*What needs to be done:* Beginning with the line containing "Building Photo - 516", transcribe every line exactly down to the last one in the records below, and drop the pictures.

[Image-text web data]
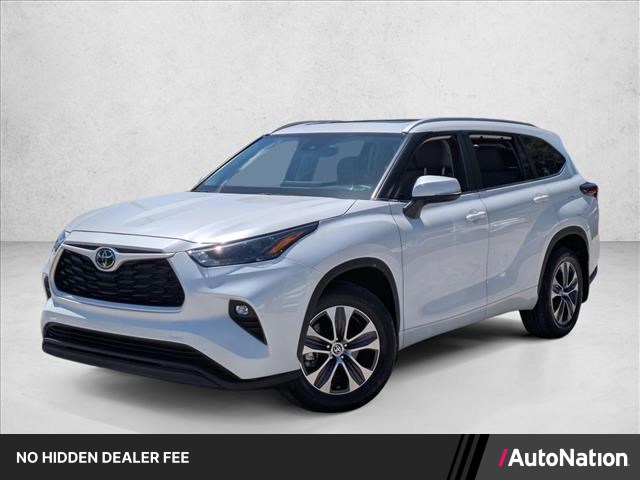White (Wind Chill Pearl) 2024 Toyota Highlander SUV / Crossover Front-Wheel Drive Automatic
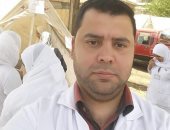 الجيش الأبيض.. حاتم طبيب الاستقبال على خط مواجهة كورونا بمستشفى دكرنس العام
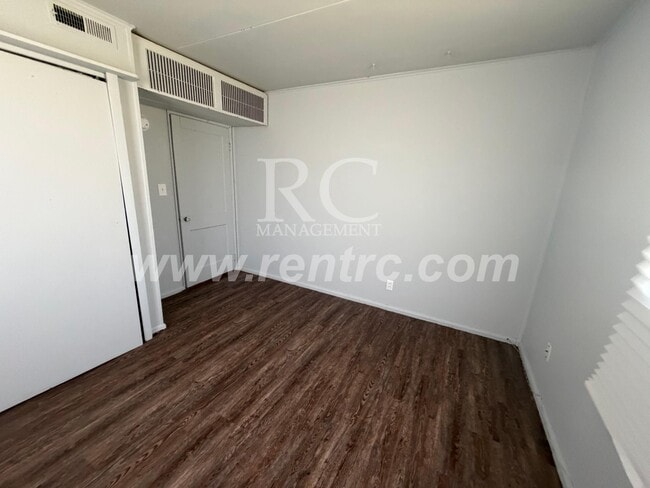 Building Photo - 516 Shadowlawn-
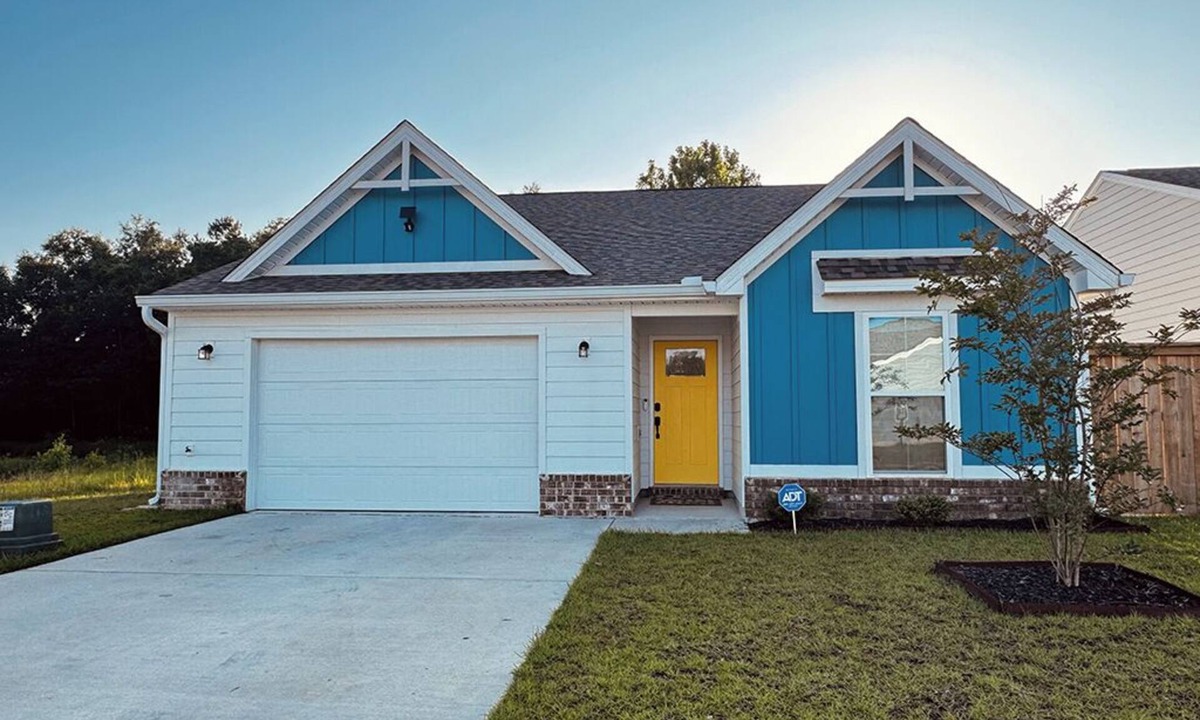 Gulfport House | Luxury Designed 3-bdrm home offering a high-quality stay with Central utilities.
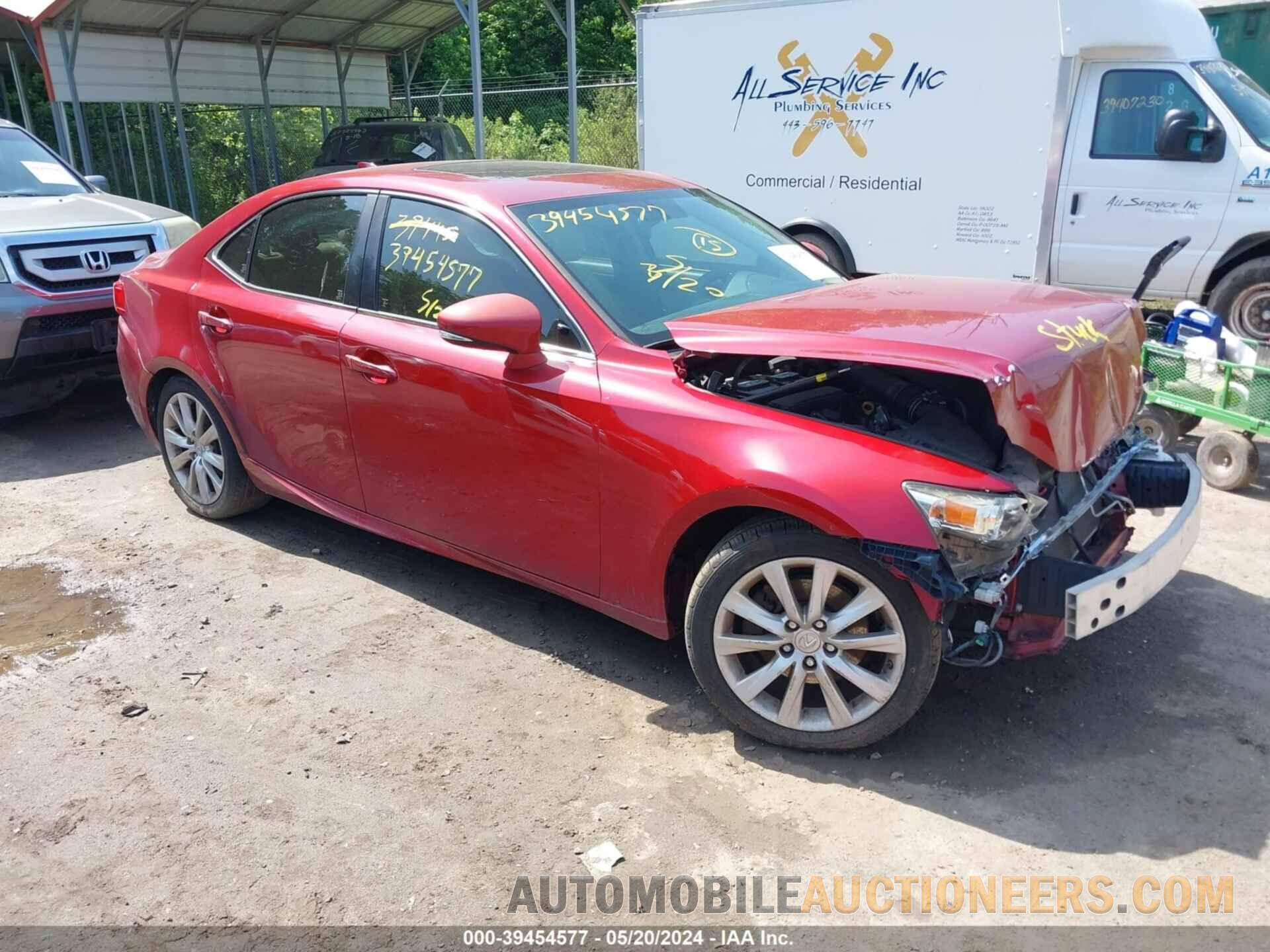 JTHBF1D26F5048640 LEXUS IS 2015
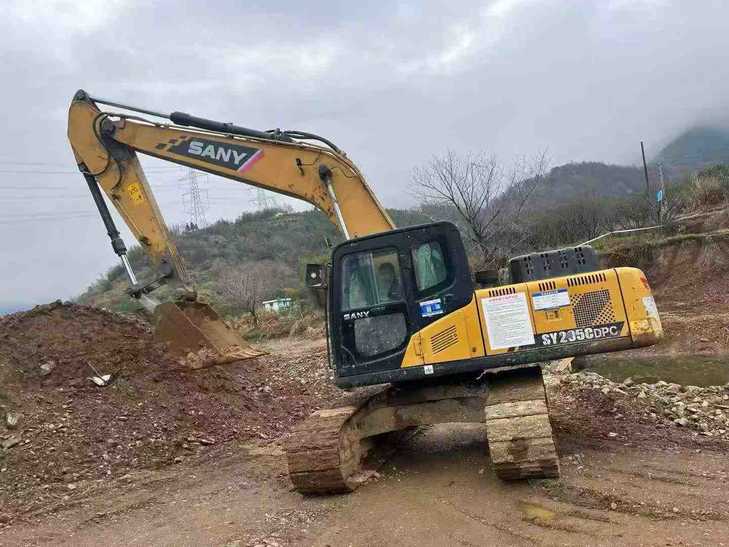 Buy Sany SY205C Used Excavator / 1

*Written solution:*
 Building Photo - 516 Shadowlawn-
 Gulfport House | Luxury Designed 3-bdrm home offering a high-quality stay with Central utilities.
 JTHBF1D26F5048640 LEXUS IS 2015
 Buy Sany SY205C Used Excavator / 1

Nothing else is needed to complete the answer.